Não está claro se outros funcionários envolvidos na criação do Always Ask Kent ou no processo de aprovações da atualização do notificador de políticas foram punidos de maneira semelhante, pois o Google se recusou a responder perguntas específicas relacionadas a essas circunstâncias. Um porta-voz fez a seguinte declaração: “Demitimos um funcionário que abusava do acesso privilegiado para modificar uma ferramenta de segurança interna. Isso foi uma violação grave”.
O que parece bastante claro é que a Alphabet, agora totalmente sob o reinado de Sundar Pichai, está tentando se opor a uma cultura corporativa que rapidamente se tornou uma das mais populares entre os gigantes da tecnologia, e fazendo isso da maneira que o NLRB considera ilegal. Dado o apetite pelo ativismo em massa e pelas capacidades dos engenheiros do Google, que podem se irritar com a mão pesada da administração e com o desprezo por seus colegas, um pop-up educado pode em breve ser a menor das preocupações da empresa.
Além de uma declaração curta, o Google enviou vários pontos que contradiziam as alegações de Spiers, mas se recusou a enviar essas informações como uma citação atribuível à própria empresa ou a enviar cópias das políticas referenciadas. Por isso, recusamos incluir essas afirmações em nosso post.
Uma hora depois, o mesmo porta-voz fez algo altamente irregular ao encaminhar um e-mail, afirmando: “Como continuação da história que você publicou esta manhã, você pode citar o texto a seguir ‘de acordo com uma cópia de um e-mail enviado por Royal Hansen, Vice-presidente de infraestrutura e segurança técnica, e fornecido por um porta-voz do Google’”.
A data e a hora do e-mail (7:45 da manhã PST de terça-feira) indicam que ele foi enviado após a publicação da nossa história, e o conteúdo desse suposto e-mail – não está claro para quem foi enviado ou por quê – reflete os pontos enviados pela assessoria de imprensa do Google nos EUA.
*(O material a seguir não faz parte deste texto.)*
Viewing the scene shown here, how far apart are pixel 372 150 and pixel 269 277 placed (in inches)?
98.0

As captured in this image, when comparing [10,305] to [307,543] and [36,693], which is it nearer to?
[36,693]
Spiers contesta as alegações de Hansen que o próprio Google aparentemente não estava disposto a apoiar. O e-mail foi copiado abaixo:
Olá a todos,
Kathryn era engenheira de segurança da minha organização e era seu trabalho ajudar a proteger as plataformas e a infraestrutura usada pelos Googlers.
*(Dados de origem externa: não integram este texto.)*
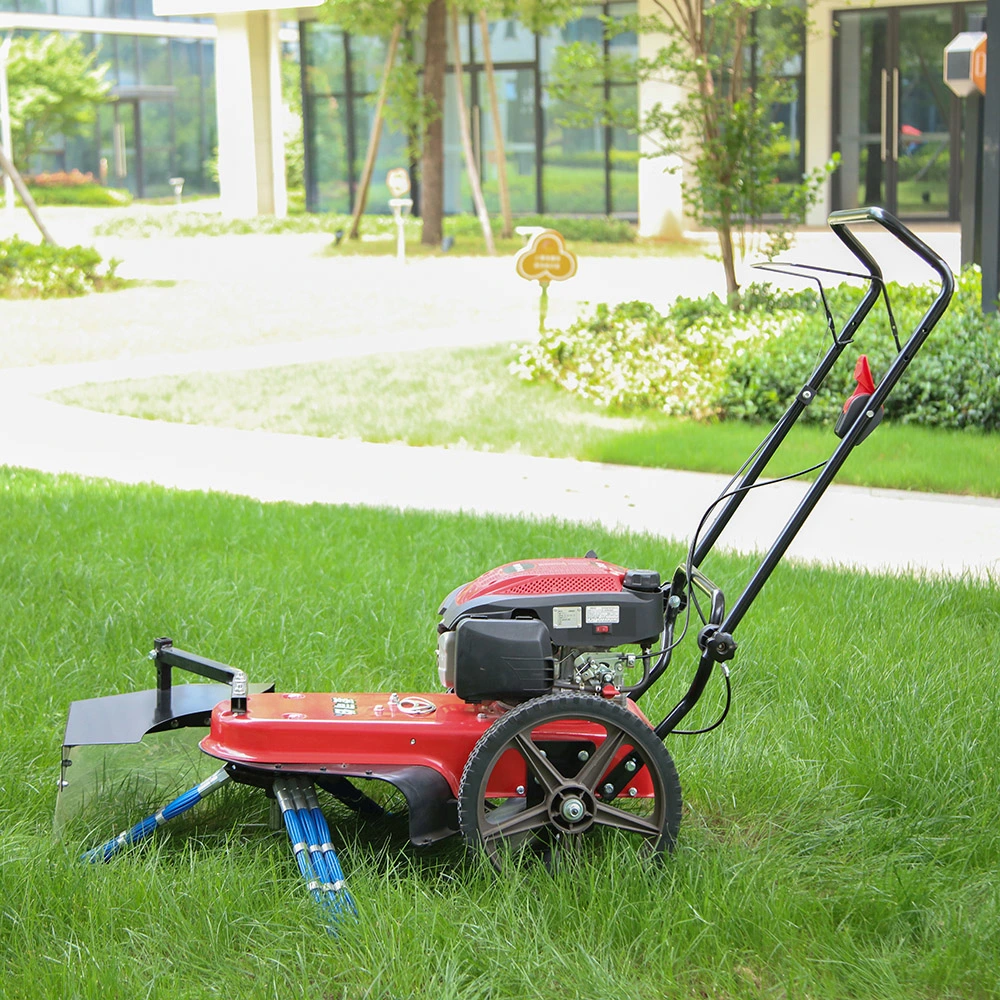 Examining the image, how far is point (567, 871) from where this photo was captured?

Aqui, ela usou mal uma ferramenta de segurança e privacidade para criar um pop-up que não tratava de segurança nem privacidade. Ela fez isso sem a autorização de sua equipe ou da equipe do Notificador de Política de Privacidade e Segurança e sem uma justificativa comercial. E ela usou um push rápido de emergência para fazer isso.
Quero ser bem claro: o problema não era que as mensagens tinham a ver com o aviso do NLRB ou com os direitos dos trabalhadores. A decisão teria sido a mesma se a mensagem pop-up fosse sobre qualquer outro assunto.
Como vocês sabem, confiamos em nossos funcionários para exercer adequadamente seu acesso privilegiado às nossas ferramentas e sistemas internos. A decisão de abusar do acesso que ela tinha como engenheira de segurança foi uma violação inaceitável de uma responsabilidade confiável.